====== DATA SHOWN

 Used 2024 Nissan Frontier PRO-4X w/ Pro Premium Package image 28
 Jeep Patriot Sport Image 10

============
====== DATA SHOWN

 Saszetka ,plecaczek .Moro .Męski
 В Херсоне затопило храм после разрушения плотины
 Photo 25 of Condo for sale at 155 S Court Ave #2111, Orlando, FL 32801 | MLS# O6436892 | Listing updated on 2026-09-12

============

Every line from the line containing "Used 2024 Nissan" through the line containing "Jeep Patriot Sport Image 10" in the records above must be retyped exactly. Leave out the rest.

| EXERCISE RESPONSE |
 Used 2024 Nissan Frontier PRO-4X w/ Pro Premium Package image 28
 Jeep Patriot Sport Image 10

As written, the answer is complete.